Making the Cancellation Call
Published on January 20th, 2016
by Craig Leweck, Scuttlebutt
One of the compelling attributes of Key West Race Week is how rare it is to lose a day of sailing. It hardly ever happens, but that was the case on Tuesday. However, sailing is not the only activity in Key West. Aside from the near-carnival atmosphere of Duval Street, there was a lot of learning going on too.
Amid the luncheon crowd at the Turtle Kraal restaurant, a cast of J/70 experts were projecting photos and video on the wall to highlight proper trim and technique. At the event village, Ed Baird was hosting his standing room only presentation, while further into the venue there was a sit down forum with some of the leading skippers.
Then, of course, there was the Mount Gay Bar. I go for the 3 drinks for $10 package.
Dick Neville, On-the-Water Chair at Key West Race Week, shares the factors that impacted the decision to cancel…
In this world we now live in, 20 knots is considered to be heavy air, and that’s what we saw on the first day of racing on Monday. There were boats with all forms of problems. So when faced with 25 knots and above on Tuesday, we could have had some serious problems.
The truth is that boats these days are not designed to sail in those kinds of conditions. Unfortunately, it appears to be a thing of the past, so we have to take it into consideration.
The bigger boats on Division 1 could have handled the conditions, but they are also pretty high-tech, with plenty of gear that can break and cause harm.
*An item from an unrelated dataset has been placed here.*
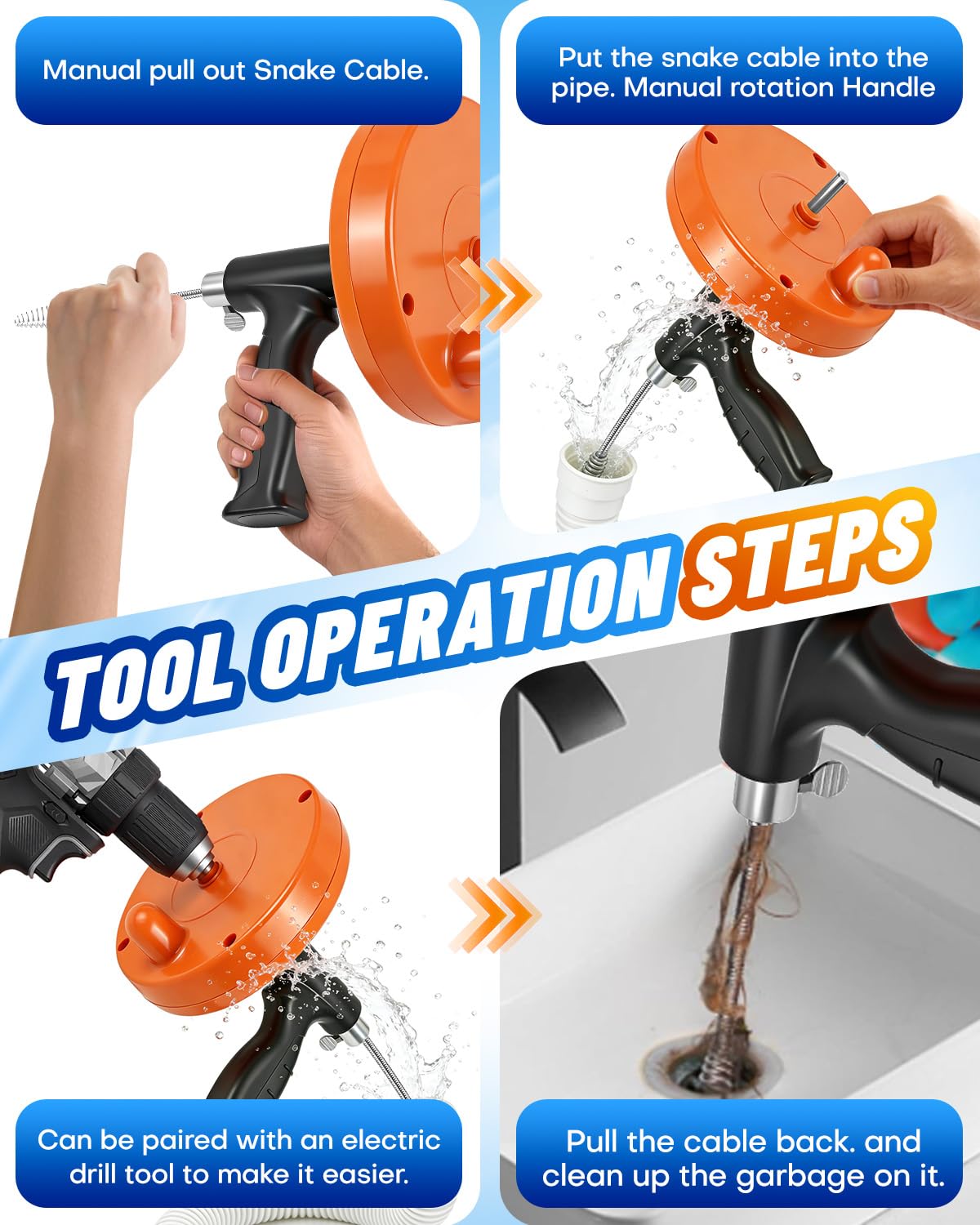 Maraiss drain auger setup guide showing manual and electric operation.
While we could have sent that course out, and they might have been okay, the chance of them breaking something and ruining the rest of the week for them was pretty high. That is a situation we’d like to avoid.
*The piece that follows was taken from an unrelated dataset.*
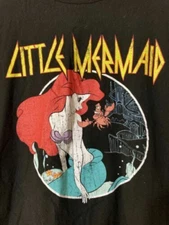 Vintage Little Mermaid Def Leppard Cotton Black Unisex Tee Shirt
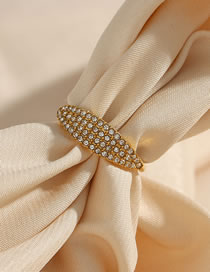 Fashion Gold Titanium Steel Set With Zirconium Geometric Ring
With the forecast for Wednesday and Thursday being so good, we felt strongly that we’d be able to get in an extra race to catch up on the schedule by the final day on Friday. With consensus from all the race officers, we made the call just after 10:00am that we’d be cancelling for the day.
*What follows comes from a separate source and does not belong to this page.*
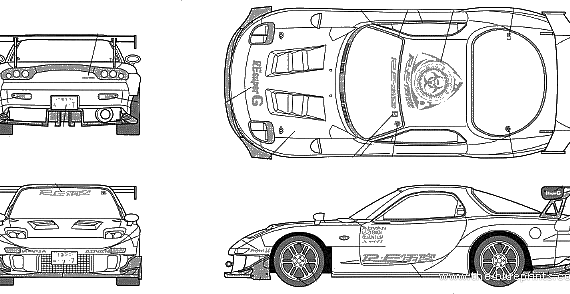 RE Amemiya mu-7 SPL - Мазда - чертежи, габариты, рисунки автомобиля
Some times when you make that call, the weather switches on you and it becomes a beautiful day. But that wasn’t the case. It was cold, which makes being on the water even more unpleasant. If you aren’t comfortable sailing in heavy air, and a lot of the sailors aren’t, being cold adds to the discomfort. Fortunately for us, the wind continued to build and stayed that way all day, so it proved to be the right call.